Over the past year, dozens of librarians and curators from across Kentucky have fired off letters to U.S. District Court Judge Jennifer Coffman in Lexington, urging her not to go easy on four defendants who stole rare manuscripts and sketches from the Transylvania University special collections library in December 2004.
The crime, they wrote, was serious. The four college-age defendants assaulted a librarian and robbed the public of valuable and important cultural history -- just to make a quick buck.
The letters' strong words were motivated by more than moral outrage. There was also fear.
It's been a bad year for thefts from cultural institutions, libraries in particular. Thursday -- just two days after the four defendants were sentenced to seven years in federal prison for stealing from Transylvania -- news broke of another theft of historical artifacts from a Kentucky institution. This time the thief was a 70-year-old retired executive who pinched more than 53 documents and other objects from the Filson Historical Society in Louisville.
In another high-profile case, a sharp-eyed librarian caught E. Forbes Smiley III, a map expert, cutting rare maps out of books at the Yale University library earlier this year.

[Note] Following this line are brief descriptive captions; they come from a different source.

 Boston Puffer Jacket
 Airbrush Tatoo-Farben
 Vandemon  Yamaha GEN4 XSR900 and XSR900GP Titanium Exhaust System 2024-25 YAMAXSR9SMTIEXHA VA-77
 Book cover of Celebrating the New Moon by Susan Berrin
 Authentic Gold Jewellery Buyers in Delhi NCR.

Now librarians, curators and archivists -- the caretakers of the nation's cultural, literary and historical treasures -- are getting tough on security, tweaking policies and keeping a closer eye on their collections, watching who comes in and what goes out.

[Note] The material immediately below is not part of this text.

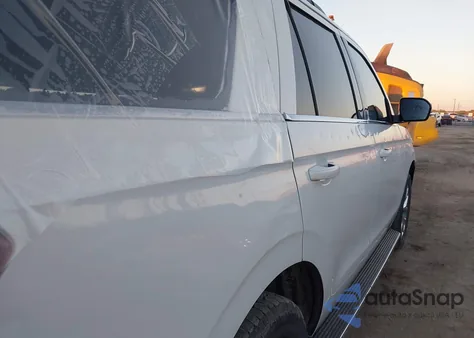 2021 Ford Expedition Xlt из США, поврежденный, VIN 1FMJU1HT0MEA46610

But they face challenges in finding money to pay for more security as well as balancing the needs of security with those of public access. Some say cultural institutions have been reluctant to report thefts to authorities because bad publicity might scare off would-be donors. Some security experts say libraries in particular have been slow to realize that their special collections are at risk.
A boom in popular interest in the antiquities trade, fanned by the Internet and appraisal shows on television, could be providing motivation for the crimes, some say.
Eric Brooks, the curator at Ashland, Henry Clay's historic home in Lexington, and president of the Historical Confederation of Kentucky, said he often receives calls from people who want him to appraise attic treasures.
"As a result of EBay culture and shows like Antiques Roadshow, people have learned that these things have a monetary value," Brooks said.
Mike Courtney, owner of Lexington's Black Swan books and a rare book dealer, said the Internet has fueled not just awareness, but a market.
"Because of the Internet, there's more demand and it's easier. You can put it online on EBay or a site and find a customer readily, which makes the price go up."
Many institutions tightened security policies in 2000, after a book of American Indian lithographs was stolen from Centre College in Danville.
Centre librarian Stan Campbell said access to the rare books collection has been curtailed. Only those with a letter of introduction can look at Centre's collections.
"It's unfortunate, but those are the steps we had to take," he said.
Many universities and institutions are reluctant to speak about security changes in detail. As Susan Brown, head librarian at Transylvania, put it, "the first rule of security is not to talk about security."
University of Kentucky officials said they have been looking into security upgrades because of the Transylvania incident. Like other institutions, UK has to weigh the needs of researchers who want to look at original documents against increasing needs for security.